* [Recorded information]
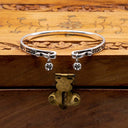 Close-up of a person's wrist with s925 Sterling Silver Bell Bangle – Handmade & Adjustable

100% 925 Silver | Adjustable Fit | Hypoallergenic
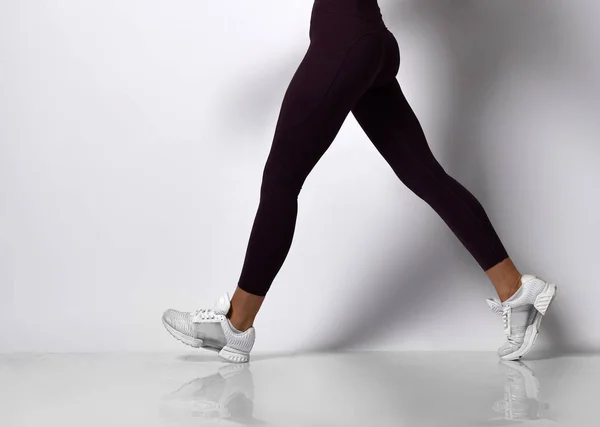 Young athletic woman brunette girl in a good shape in trendy sportswear walking in gym uniform does cardio exercises — Stock Photo, Image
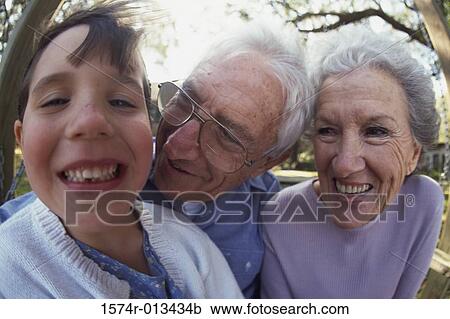 Portrait of a granddaughter smiling with her grandparents View Large Photo Image Stock Image - Portrait of a granddaughter smiling with her grandparents. Fotosearch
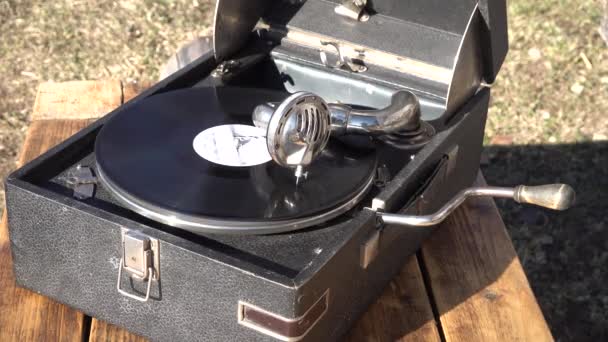 Oude grote zwarte grammofoon fonograaf buiten. de vinyl plaat draait. close-up - Video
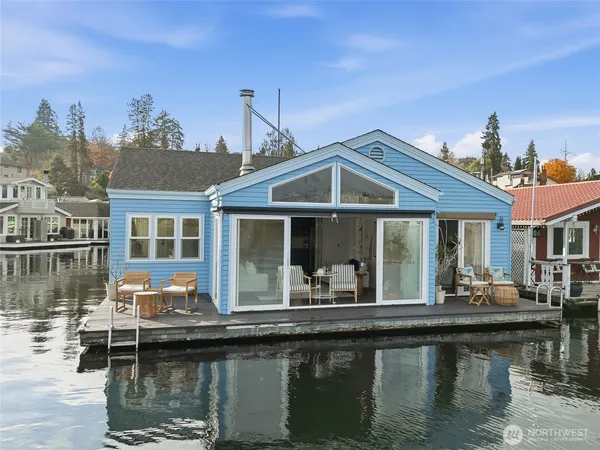 a front view of a house with swimming pool having outdoor seating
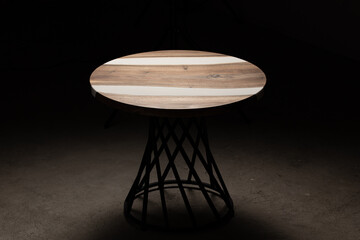 Expensive vintage furniture. The table is covered with epoxy resin and varnished. Luxury quality wood processing. Wooden table on a dark background. Business proposal concept.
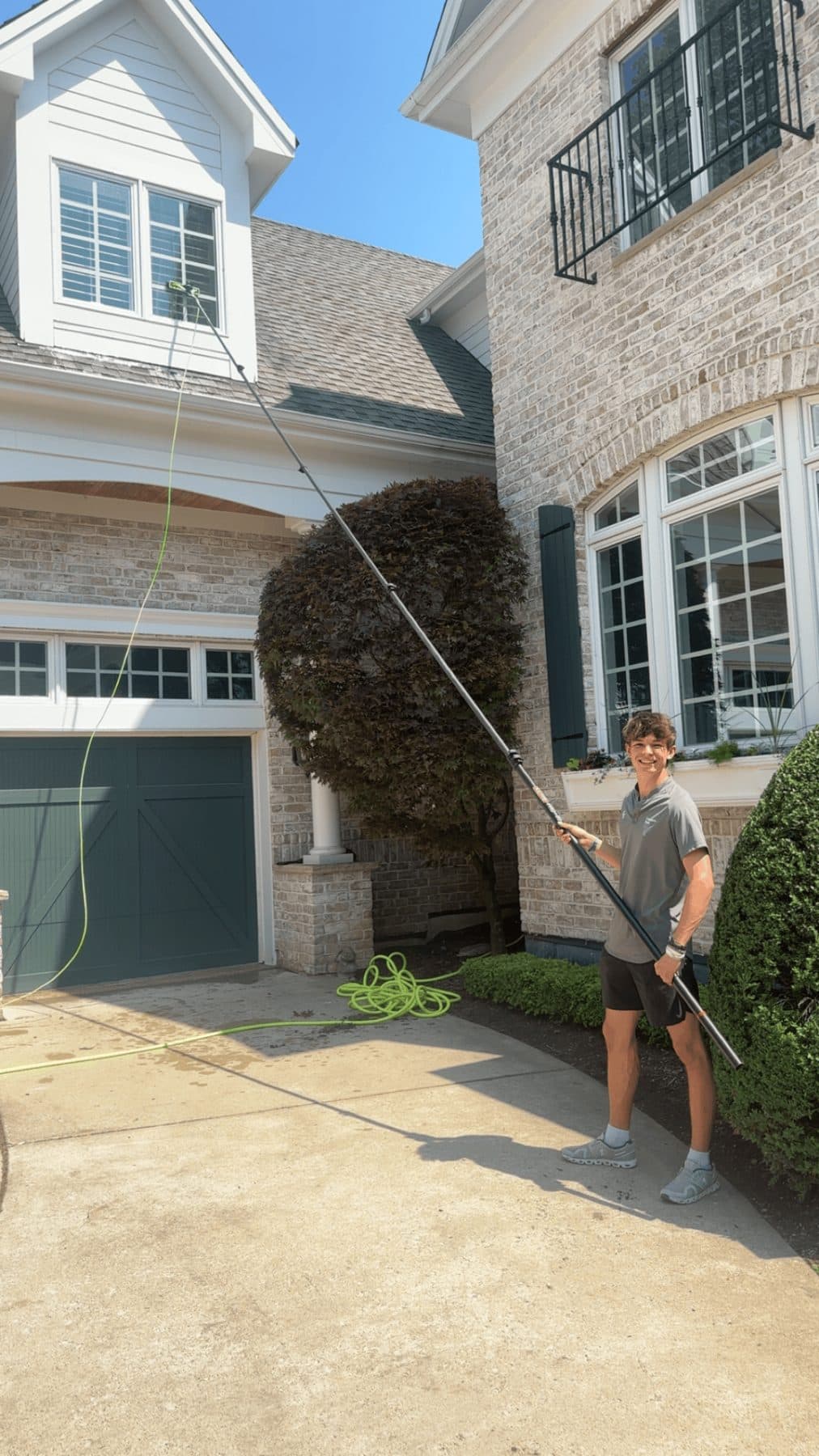 Jeffrey cleaning second-storey windows with a water-fed reach pole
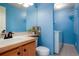 Bathroom with blue walls, a single vanity, toilet, tile floors, and a washing machine in the background at 4873 Eckert St, Castle Rock, CO 80104
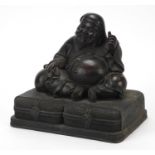 Large Chinese patinated figure of Buddha with calligraphy, 24cm wide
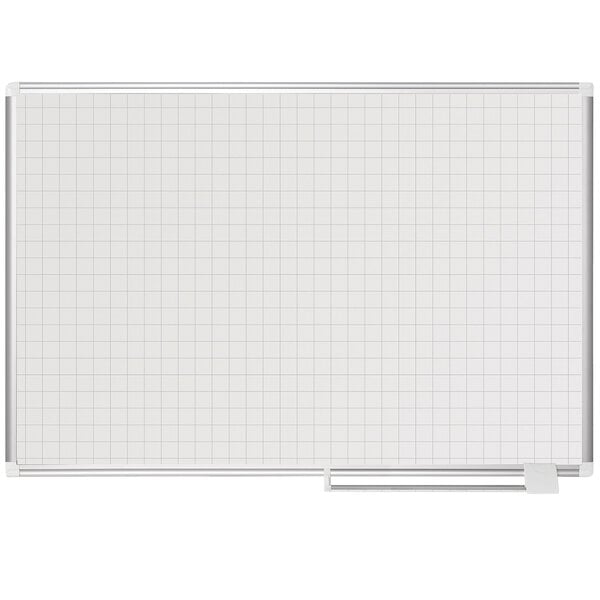 A MasterVision whiteboard with grids on it.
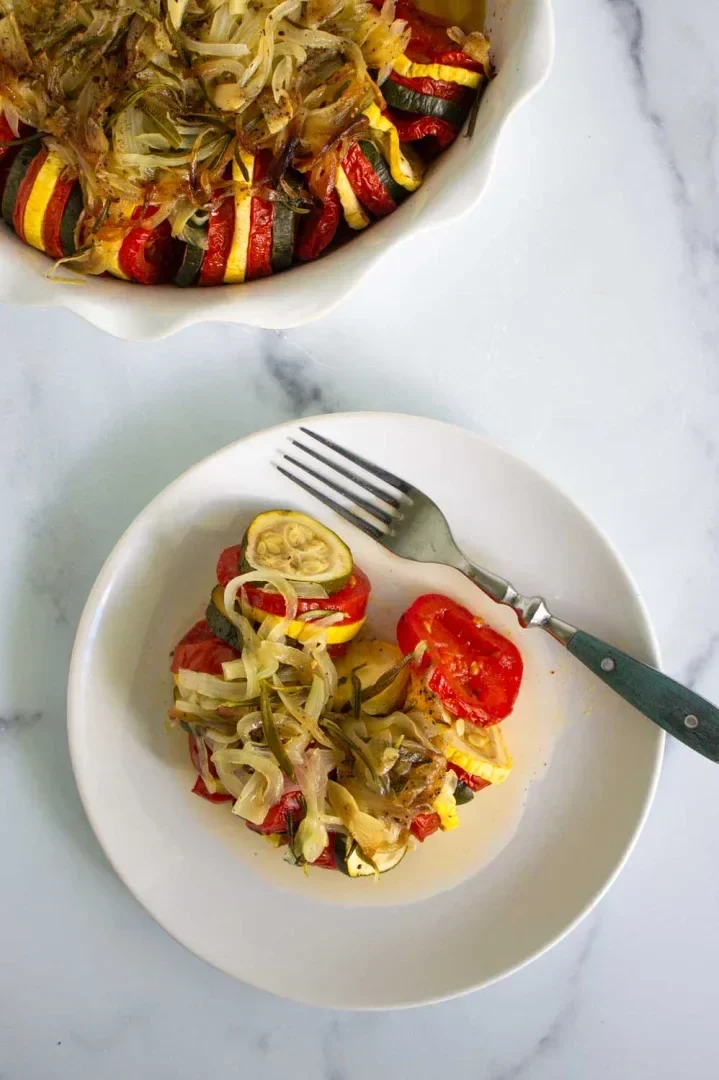 A serving of roasted vegetables, including zucchini, tomato, and yellow squash, topped with caramelized onions on a white plate with a fork; a baking dish with more vegetables is visible above.
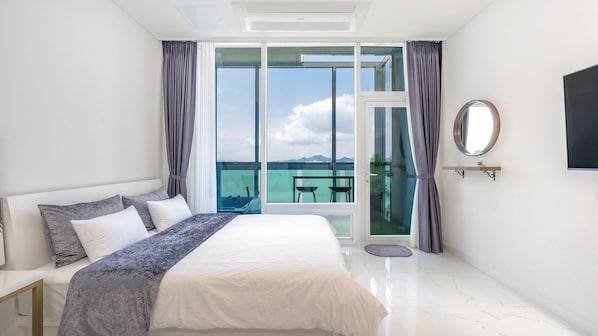 Een moderne hotelkamer met een groot bed, een balkon met uitzicht op zee en een flatscreen televisie aan de wand.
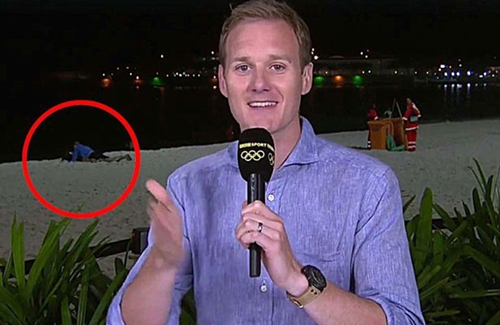 
H&igrave;nh ảnh nhạy cảm của cặp t&igrave;nh nh&acirc;n ph&iacute;a sau lưng ph&oacute;ng vi&ecirc;n Dan Walker. Ảnh:BBC
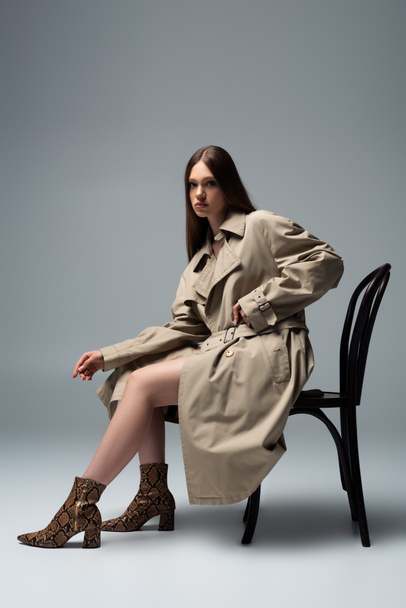 full length of brunette model in trench coat sitting on chair and posing on grey - Photo, Image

* [Task prompt]
Would you please copy, exactly and only, the lines from the one with "A serving of" through the end of the entries above, skipping every picture?

* [Answer section]
 A serving of roasted vegetables, including zucchini, tomato, and yellow squash, topped with caramelized onions on a white plate with a fork; a baking dish with more vegetables is visible above.
 Een moderne hotelkamer met een groot bed, een balkon met uitzicht op zee en een flatscreen televisie aan de wand.
H&igrave;nh ảnh nhạy cảm của cặp t&igrave;nh nh&acirc;n ph&iacute;a sau lưng ph&oacute;ng vi&ecirc;n Dan Walker. Ảnh:BBC
 full length of brunette model in trench coat sitting on chair and posing on grey - Photo, Image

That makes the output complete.